上野 それだけでなく、教育社会学は、生まれながらに平等な環境なんていうものはないということをデータで証明してきました。だからフェアな競争なんて幻想なんです。社会学者の橋本健二さんが『新・日本の階級社会』(講談社現代新書)で述べていましたが、今のネオリベ的な価値観、自分がいい目にあうのは自分の努力と能力のおかげで、誰かが貧困なのはその人の能力と努力が足りないからだという考えに、アンダークラス(下層)の人たちの4割が同意していました。
浜田 そもそも私は「実力」とか「成功」とか「優秀」というもの自体を定義し直さなければいけないと思っています。それと、その実力が発揮できている環境かどうかとか、その実力って何なのか、みたいなところを疑って考え直すことからじゃないかと思うんです。
リモートワークは女性にとって福音か
上野 ジョブ型をやるための一つのツールにリモートワークがあります。浜田さんは、仕事のオンライン化は女性にとって朗報だと高く評価されていますね。
浜田 働き方を選べる柔軟性というのは、すごくプラスだと思います。
上野 「オンライン階級」という言葉をご存じですか。年収とリモートワークの実施率が実に見事に相関しています。つまりリモートワークの恩恵を被るのは高学歴高収入の階層だということです。それだけでなく長い間、女性労働市場の中で「テレワーク」というのは「電子内職」の別名でした。家にいて子どもの側でできる、マッチ棒を1箱詰めて何銭、というような、ものすごく低賃金の内職がデータ入力をするキーパンチャーのように電子化しただけでした。だから「テレワーク」は決して女性にとってポジティブな言葉ではなかったんです。

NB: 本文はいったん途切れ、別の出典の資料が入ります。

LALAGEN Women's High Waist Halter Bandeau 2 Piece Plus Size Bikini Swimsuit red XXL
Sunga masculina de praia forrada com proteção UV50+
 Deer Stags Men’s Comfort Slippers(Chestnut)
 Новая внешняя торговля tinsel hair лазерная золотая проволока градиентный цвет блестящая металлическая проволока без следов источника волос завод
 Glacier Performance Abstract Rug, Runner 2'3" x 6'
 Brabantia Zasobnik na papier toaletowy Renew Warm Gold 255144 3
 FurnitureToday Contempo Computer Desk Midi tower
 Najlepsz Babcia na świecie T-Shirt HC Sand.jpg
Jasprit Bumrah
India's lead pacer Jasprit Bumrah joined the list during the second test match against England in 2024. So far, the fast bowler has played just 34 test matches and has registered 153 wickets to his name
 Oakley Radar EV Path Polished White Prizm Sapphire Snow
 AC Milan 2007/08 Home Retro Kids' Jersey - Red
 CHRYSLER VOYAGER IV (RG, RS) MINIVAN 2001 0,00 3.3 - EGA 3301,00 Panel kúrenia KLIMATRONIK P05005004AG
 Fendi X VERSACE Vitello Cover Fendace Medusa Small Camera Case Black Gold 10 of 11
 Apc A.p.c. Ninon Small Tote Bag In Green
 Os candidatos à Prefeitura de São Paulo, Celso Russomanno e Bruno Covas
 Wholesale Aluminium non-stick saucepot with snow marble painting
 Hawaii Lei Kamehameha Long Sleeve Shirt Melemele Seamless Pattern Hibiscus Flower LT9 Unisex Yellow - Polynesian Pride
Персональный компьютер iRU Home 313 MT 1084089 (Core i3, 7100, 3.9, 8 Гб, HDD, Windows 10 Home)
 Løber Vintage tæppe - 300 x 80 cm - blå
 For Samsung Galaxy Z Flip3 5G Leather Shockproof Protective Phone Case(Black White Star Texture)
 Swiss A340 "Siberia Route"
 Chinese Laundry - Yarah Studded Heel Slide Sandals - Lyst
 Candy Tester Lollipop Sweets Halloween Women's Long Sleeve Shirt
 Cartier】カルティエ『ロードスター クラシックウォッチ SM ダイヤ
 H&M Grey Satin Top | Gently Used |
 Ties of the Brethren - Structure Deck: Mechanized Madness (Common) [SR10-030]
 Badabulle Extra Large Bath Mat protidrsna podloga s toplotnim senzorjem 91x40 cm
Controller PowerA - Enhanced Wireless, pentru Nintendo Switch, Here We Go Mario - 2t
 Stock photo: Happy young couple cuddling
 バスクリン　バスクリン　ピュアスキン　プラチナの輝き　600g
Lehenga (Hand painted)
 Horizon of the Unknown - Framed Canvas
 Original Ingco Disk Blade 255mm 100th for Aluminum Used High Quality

例えば今、ホームページを作るようなICT系のギグワーカーに、女性がたくさんいます。でも結局、横に繋がることができないし、賃金や働き方に関する交渉力もないので、ものすごく買い叩かれていませんか?
浜田 今のギグワーカーの制度だとそうですが、おそらくこれから人が足りなくなってくると、価格交渉力を持ってくると思います。
上野 そうなると、価格交渉に成功する、名前がブランド価値を持つようなクリエイターさんたちは一部出てくるとは思います。1990年代初頭にICT化が進んだときに、ICTの成果物にはジェンダーが刻印されないから情報技術は女性差別を解消する、資本主義の発展が家父長制を解体する、というオプティミズムをもったフェミニストが一部にいました。
それから10年ぐらい経ってヨーロッパでオンライン化が進んだ後、知識産業でジェンダー編成がどう変わったかという検証の国際共同研究がされ、『知識経済をジェンダー化する』(ミネルヴァ書房)という本になっています。ICT化の進展は労働のジェンダー編成を解消したのではなく、単に再編しただけだった、つまり同じICT業界のなかのボトムを女が占めるようになった、というのが実証研究の結果です。